(Provided data)

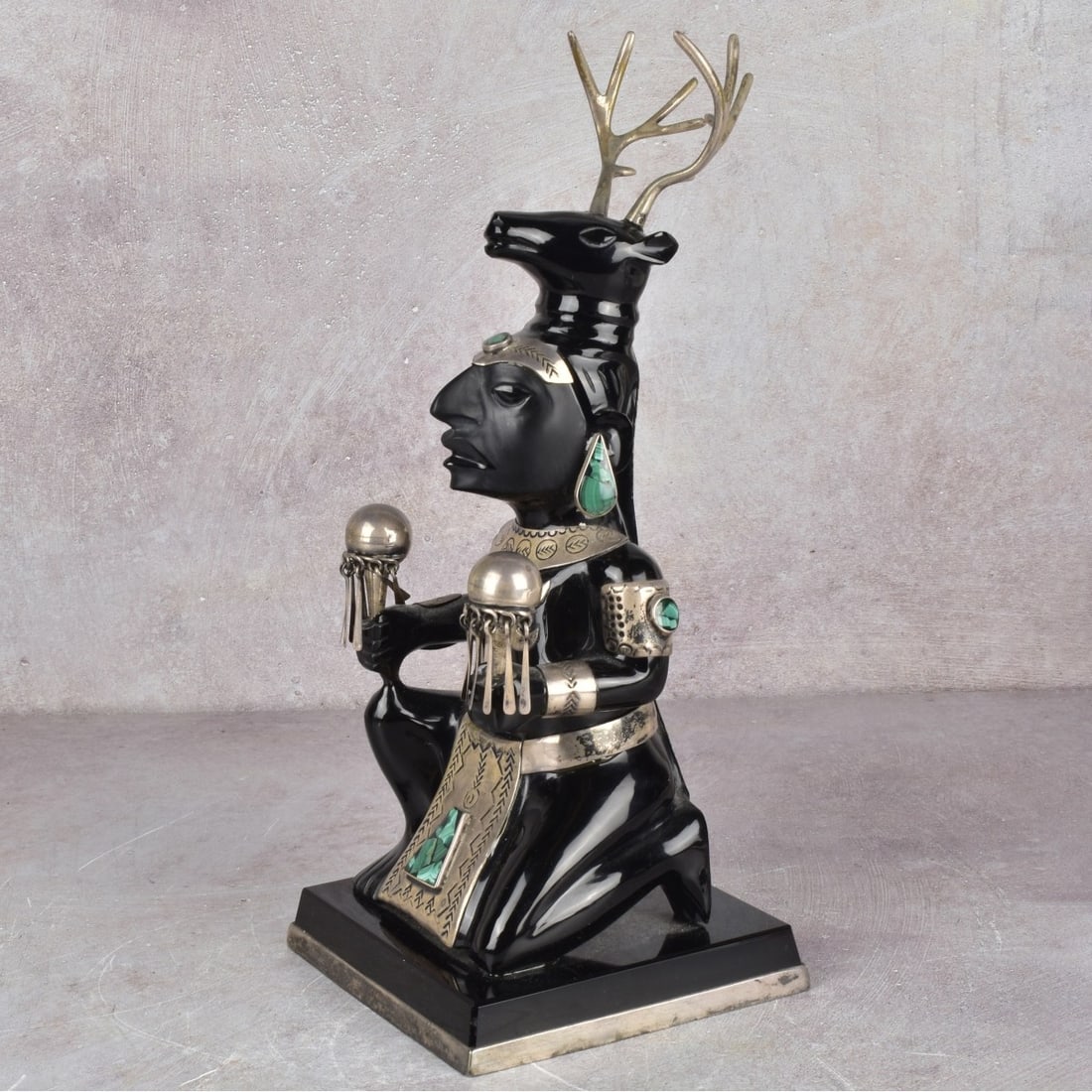 Obsidian and Sterling Silver Sculpture: Aztec Style Obsidian and Sterling Silver Sculpture with Malachite Insets. Mexico 20th century. Depicting a crouching figure wearing an animal headdress with antlers, holding ceremonial rattles,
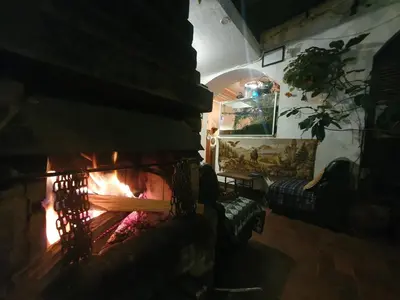 a fireplace in a living room with a fire place at Royal Frankenstein Hostel in Cusco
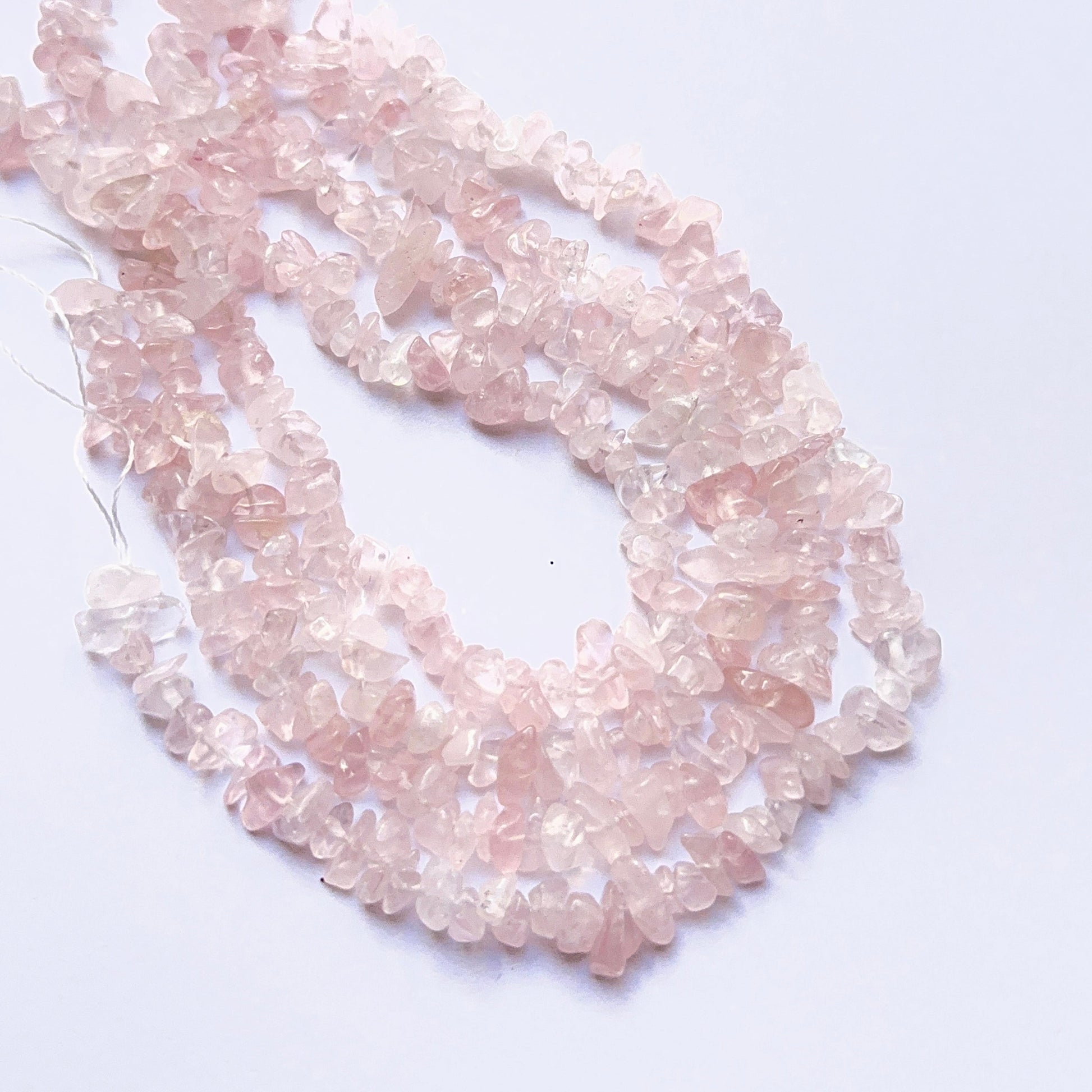 Stone beads in organic rose quartz chips showcasing natural texture and gentle shine.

(End Provided data)

Every line from the one bearing "a fireplace in" through the end of the data above must be output exactly, and no picture may appear.

 a fireplace in a living room with a fire place at Royal Frankenstein Hostel in Cusco
 Stone beads in organic rose quartz chips showcasing natural texture and gentle shine.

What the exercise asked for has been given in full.